Chevrolet Cruze: Its popularity has diminished, as the Trax, Sonic and Spark show that practical hatchbacks are the economy cars of choice in the 21st century, not compact sedans.

Chevrolet Impala: Like its siblings, the Buick LaCrosse and Cadillac XTS, Chevrolet’s last traditional large sedan, and a truly wonderful one, bites the dust in favor of SUVs and crossovers.

Chevrolet Volt: Revolutionary when introduced at the 2007 Detroit auto show, the first plug-in hybrid car disappears, a victim of GM’s pathetically lackluster marketing efforts.

Fiat 500/500e: Despite cornering the market on cuteness, the retro-styled Cinquecento dies, the victim of a lack of change, dependability woes and a buying public no longer interested in tiny, fuel-sipping cars.

Ford Fiesta: Low fuel prices have killed demand for the fun-loving Fiesta, despite its handling chops.

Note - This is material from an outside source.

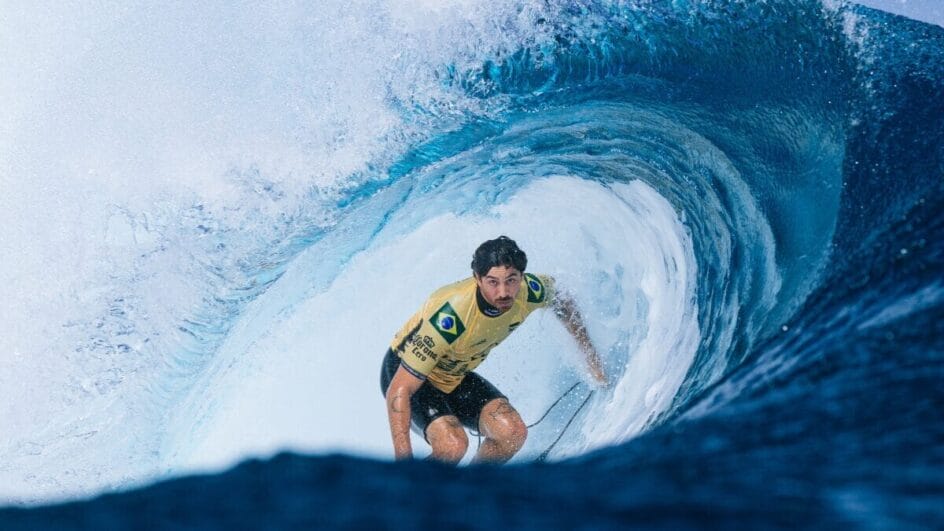 Yago Dora durante as finais do Circuito Mundial de Surfe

Ford Taurus: Large on the outside, small on the inside, the nameplate that revolutionized American car design in the 1980s succumbs to years of penny pinching, bad design and inept marketing.

Infiniti QX30: Developed in partnership with Mercedes-Benz, and derived from their GLA-class, the stylish U.K.-built QX30 is being axed as Infiniti exits the Western European market.

Nissan 370Z Roadster: While the coupe survives, Nissan has killed the convertible. Will anyone notice?

Smart ForTwo: Never very fuel efficient despite its Lilliputian size, this two-seat hatchback’s raison d’etre no longer exists thanks to low fuel prices and consumers’ distaste for economy cars, particularly second-rate ones.

Toyota Prius C: Toyota’s smallest, cheapest hybrid, based on the previous-generation Yaris platform, is being replaced by the larger, better looking Toyota Corolla Hybrid, which also yields better fuel economy.

Volkswagen Beetle: Having long lost its fashionable cache, it’s time to bid farewell to the modern Beetle, which never proved as popular as the original people’s car introduced by Adolf Hitler.

Volkswagen Golf SportWagen/Alltrack: It seemed like a good idea: offer a cargo-friendly alternative to the ubiquitous SUV. Sadly, consumer herd mentality prevented buyers from considering it.